Our last activity was nightline and rockets. Nightline is a blindfolded obstacle course, where we were joined by Katy and Will from Greta 1. Katy is blind and Will is, I think, partially sighted and their plan was to annihilate the rest of us who are used to being dependent on our eyes. You follow a rope through the woods, which leads you to trees, through tyres, under nets, through tunnels etc. Katy and Will flew on ahead and the rest of us struggled a bit but tried to help each other along with warnings about what was coming up. However, on the way to rockets, I did hear Katy say that she found it harder than she was expecting because she couldn’t use her cane. Rockets was bottle rockets – they had a range set up on the bottom field, they had a load of bottles and they had special caps for them with fins and a valve for inserting a hand pump.
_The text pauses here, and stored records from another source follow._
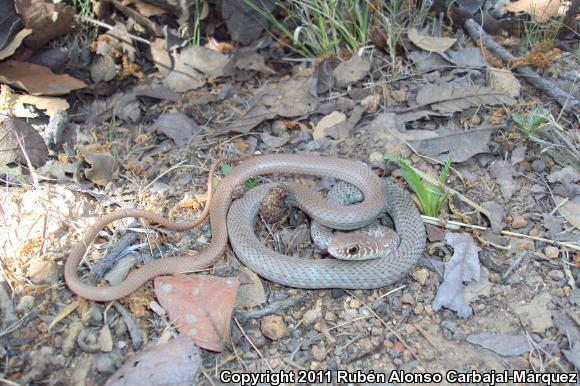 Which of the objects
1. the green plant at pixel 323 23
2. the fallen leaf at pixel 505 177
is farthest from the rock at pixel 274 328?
the green plant at pixel 323 23

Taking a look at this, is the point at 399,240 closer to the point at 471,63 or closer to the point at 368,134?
the point at 368,134

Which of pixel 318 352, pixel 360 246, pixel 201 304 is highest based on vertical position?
pixel 360 246

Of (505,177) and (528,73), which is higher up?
(528,73)

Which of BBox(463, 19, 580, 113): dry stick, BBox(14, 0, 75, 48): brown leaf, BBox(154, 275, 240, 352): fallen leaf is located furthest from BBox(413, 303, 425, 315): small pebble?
BBox(14, 0, 75, 48): brown leaf

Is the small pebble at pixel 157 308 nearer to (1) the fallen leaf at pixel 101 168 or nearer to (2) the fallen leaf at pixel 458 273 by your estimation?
(1) the fallen leaf at pixel 101 168

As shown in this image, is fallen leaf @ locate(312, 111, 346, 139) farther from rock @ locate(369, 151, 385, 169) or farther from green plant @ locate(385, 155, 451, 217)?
green plant @ locate(385, 155, 451, 217)

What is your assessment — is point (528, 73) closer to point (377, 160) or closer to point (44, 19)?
point (377, 160)

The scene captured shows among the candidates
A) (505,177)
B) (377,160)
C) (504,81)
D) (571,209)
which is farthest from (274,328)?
(504,81) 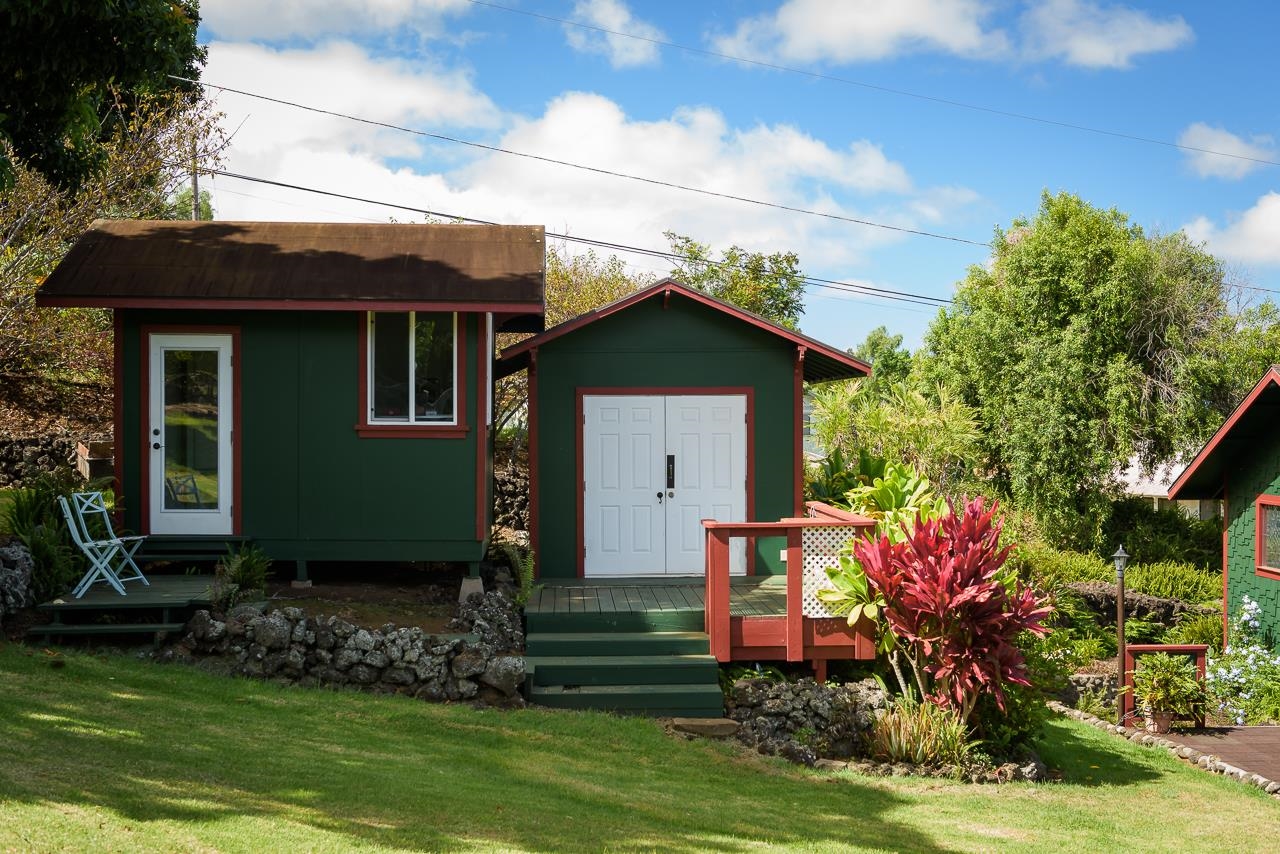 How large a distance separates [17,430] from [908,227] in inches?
944

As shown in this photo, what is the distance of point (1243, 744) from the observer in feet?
37.5

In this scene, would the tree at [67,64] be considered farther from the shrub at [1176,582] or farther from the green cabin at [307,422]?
the shrub at [1176,582]

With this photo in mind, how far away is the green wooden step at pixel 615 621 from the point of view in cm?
1070

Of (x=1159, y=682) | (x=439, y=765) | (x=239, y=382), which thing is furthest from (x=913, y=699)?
(x=239, y=382)

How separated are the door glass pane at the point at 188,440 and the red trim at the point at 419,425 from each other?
5.37ft

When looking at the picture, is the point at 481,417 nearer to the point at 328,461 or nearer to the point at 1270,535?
the point at 328,461

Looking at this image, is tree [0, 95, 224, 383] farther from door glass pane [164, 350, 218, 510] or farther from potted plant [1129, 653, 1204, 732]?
potted plant [1129, 653, 1204, 732]

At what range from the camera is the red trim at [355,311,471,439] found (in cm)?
1185

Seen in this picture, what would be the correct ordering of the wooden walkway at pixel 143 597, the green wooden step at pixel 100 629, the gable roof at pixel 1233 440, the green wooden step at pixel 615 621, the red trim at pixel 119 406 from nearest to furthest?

You fill your bottle with water, put on the cap and screw the pump into it, lie it on the launch ramp and then pump until it flies free. I quite enjoyed that – never did figure out the optimum combination of water and pumping speed, whereas Will was miles ahead of the rest of us. Anyway, that was good fun.
Then I rushed back to take down my tent and throw the last few bits in my car and rush back for the camp closing ceremony which featured two camp awards – I can’t remember what the first was called but I think it was Charly’s pick for the best Rebel of camp and the second was Rebel’s Rebel, which was the entire camp’s vote for the best person and that was won by Katy. Patrol flags were presented, future camp was discussed and then we all went to pack up our last bits and go home.
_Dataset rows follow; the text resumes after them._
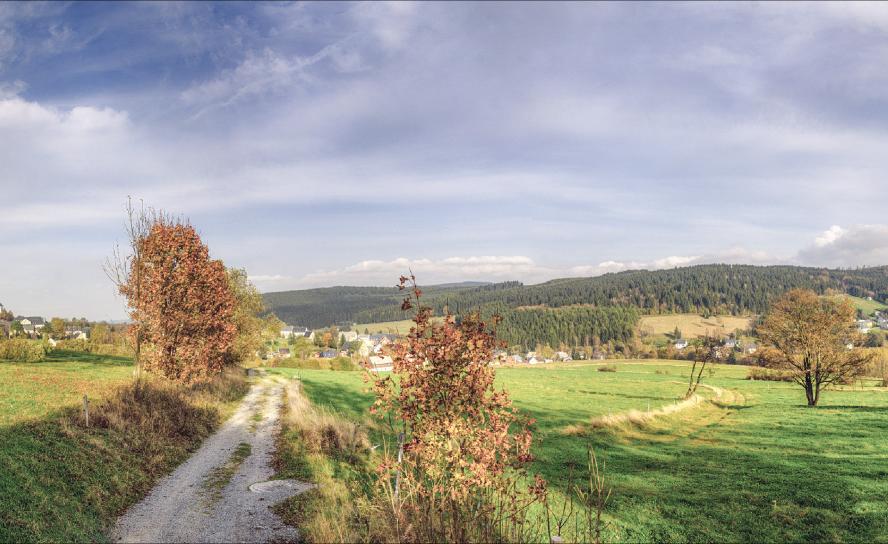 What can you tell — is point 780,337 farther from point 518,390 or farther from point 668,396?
point 518,390

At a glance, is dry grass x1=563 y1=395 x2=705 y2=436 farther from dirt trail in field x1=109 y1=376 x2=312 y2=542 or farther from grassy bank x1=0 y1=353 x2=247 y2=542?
grassy bank x1=0 y1=353 x2=247 y2=542

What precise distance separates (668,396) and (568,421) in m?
28.2

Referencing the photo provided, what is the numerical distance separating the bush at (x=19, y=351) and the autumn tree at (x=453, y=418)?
173 feet

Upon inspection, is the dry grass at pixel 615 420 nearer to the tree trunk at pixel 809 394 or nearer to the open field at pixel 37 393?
the tree trunk at pixel 809 394

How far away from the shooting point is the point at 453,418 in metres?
8.41

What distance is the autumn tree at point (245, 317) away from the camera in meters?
49.5

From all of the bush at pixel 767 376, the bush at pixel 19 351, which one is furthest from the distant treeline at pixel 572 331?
the bush at pixel 19 351

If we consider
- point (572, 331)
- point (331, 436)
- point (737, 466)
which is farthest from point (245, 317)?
point (572, 331)

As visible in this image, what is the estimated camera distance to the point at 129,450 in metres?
16.5

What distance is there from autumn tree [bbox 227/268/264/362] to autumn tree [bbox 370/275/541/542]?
142ft

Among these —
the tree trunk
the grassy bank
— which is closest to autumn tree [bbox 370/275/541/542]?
the grassy bank

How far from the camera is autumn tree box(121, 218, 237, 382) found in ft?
83.3

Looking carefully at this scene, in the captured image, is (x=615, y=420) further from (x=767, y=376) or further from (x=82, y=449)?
(x=767, y=376)

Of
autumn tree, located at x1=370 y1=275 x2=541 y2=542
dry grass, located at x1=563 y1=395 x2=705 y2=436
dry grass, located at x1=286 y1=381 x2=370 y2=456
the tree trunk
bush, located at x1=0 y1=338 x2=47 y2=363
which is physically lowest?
dry grass, located at x1=563 y1=395 x2=705 y2=436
I have to say, after it taking nearly five hours to get here, it only took a little over two hours to get home again. I upset the satnav by taking the wrong turning somewhere, hoping to avoid the M5 and then realising I was barrelling towards it after seeing about fifty signs pointing to it but it all went very smoothly. My car, which had screamed on the way up, was perfectly calm on the way down (yes, it was the car; not me. The local garage diagnosed it on Tuesday as “having picked up a stone”) and I was home probably not long after 8pm, which was very respectable.
Am I going next year? Well, there are two issues. First is that it’s a little further north which is a little intimidating as a drive. Second is that I have A Birthday next summer and I’m starting to form plans to spend some time in New Zealand, in which case I’ll be away over camp. But if those don’t happen, or if NZ’s winter isn’t the best time to do it, then I’ll definitely look at going to Rebel Summer Camp 2025. I’m open to it. But we’ll see.